Font Size:

“Sitri!”

I called down the hallway, and though Bronwen didn’t bother stopping, Sitri froze in his tracks.

“When will you be back?” I asked.

Sitri looked over his shoulder and slotted his hands into his pockets. He kept his gaze trained on the floor.

“A few days, probably. Perhaps a week.”

“And you will be back, right?”

The question hung in the air for a long, uncomfortable moment. His hesitation, thick as fog, stagnated between us.

“You’ll know if I’m not coming back,” Sitri said. “If the Prince falls, this little war of Vapula’s will end. And we can’t have that now, can we?”

He gave a half-hearted smile, then turned to follow Bronwen down the hallway. As I watched them go, I couldn’t shake the feeling that this might be the last time I saw him.

It was strangely bittersweet. I’d grown reliant on Sitri over the past few days, but there was something else mixed up in it as well.
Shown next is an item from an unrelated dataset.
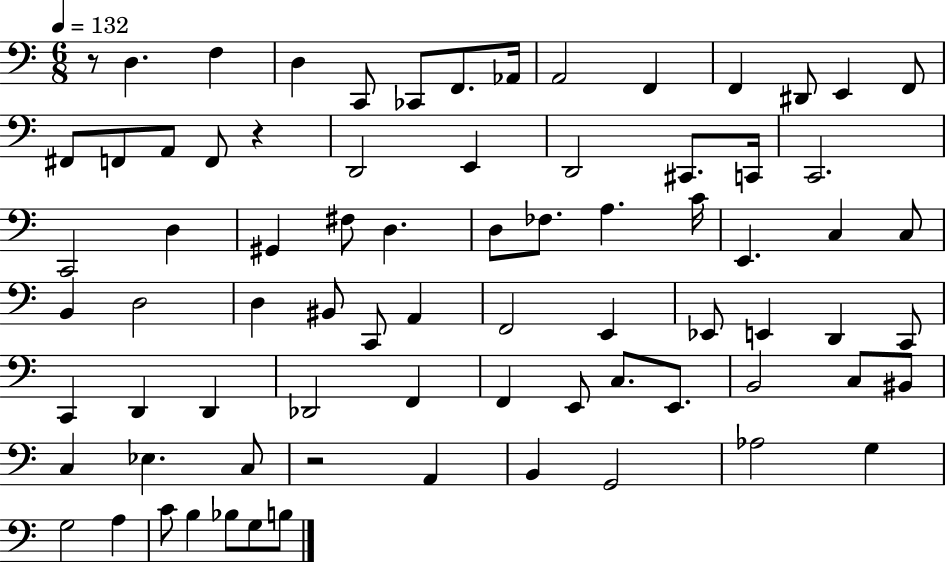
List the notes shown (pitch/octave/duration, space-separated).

R/e D3/q. F3/q D3/q C2/e CES2/e F2/e. Ab2/s A2/h F2/q F2/q D#2/e E2/q F2/e F#2/e F2/e A2/e F2/e R/q D2/h E2/q D2/h C#2/e. C2/s C2/h. C2/h D3/q G#2/q F#3/e D3/q. D3/e FES3/e. A3/q. C4/s E2/q. C3/q C3/e B2/q D3/h D3/q BIS2/e C2/e A2/q F2/h E2/q Eb2/e E2/q D2/q C2/e C2/q D2/q D2/q Db2/h F2/q F2/q E2/e C3/e. E2/e. B2/h C3/e BIS2/e C3/q Eb3/q. C3/e R/h A2/q B2/q G2/h Ab3/h G3/q G3/h A3/q C4/e B3/q Bb3/e G3/e B3/e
There was an inkling of longing, spurred on by primal jealousy and fueled by tangible need. He had become somewhat of a safety blanket; a force that kept me grounded in this dark, deadly reality.

And now, some red-haired siren wanted to drag him to his demise.
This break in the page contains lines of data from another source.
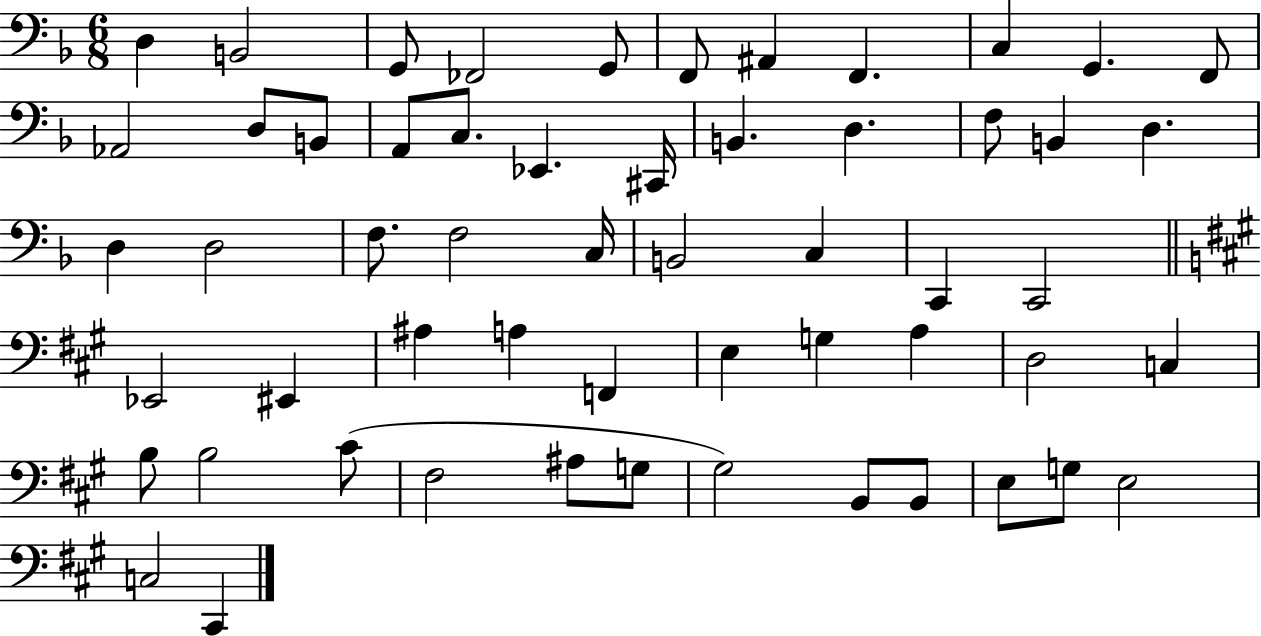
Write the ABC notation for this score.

X:1
T:Untitled
M:6/8
L:1/4
K:F
D, B,,2 G,,/2 _F,,2 G,,/2 F,,/2 ^A,, F,, C, G,, F,,/2 _A,,2 D,/2 B,,/2 A,,/2 C,/2 _E,, ^C,,/4 B,, D, F,/2 B,, D, D, D,2 F,/2 F,2 C,/4 B,,2 C, C,, C,,2 _E,,2 ^E,, ^A, A, F,, E, G, A, D,2 C, B,/2 B,2 ^C/2 ^F,2 ^A,/2 G,/2 ^G,2 B,,/2 B,,/2 E,/2 G,/2 E,2 C,2 ^C,,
I knew better than to trail them—I’d just get in the way. That frustration alone made me reconsider Sitri’s offer.

What would it feel like to become a demon? Would I still be me, or would the transformation change who I was? My body reacted to the thought with a deep, primal revulsion. Sitri’s ominous warning wasn’t helping my nerves, either. I didn’t want to be like him, or like Vapula… and I’d always been unsure if that choice was mine to make.

Once again, Sitri had suggested that it wasn’t.

I shook my head. That would be a problem for later. Right now, Sitri was leaving me in a house of demons, with only his legates for company. If I wanted to get my answers, I’d have to hold my ground until the Prince returned.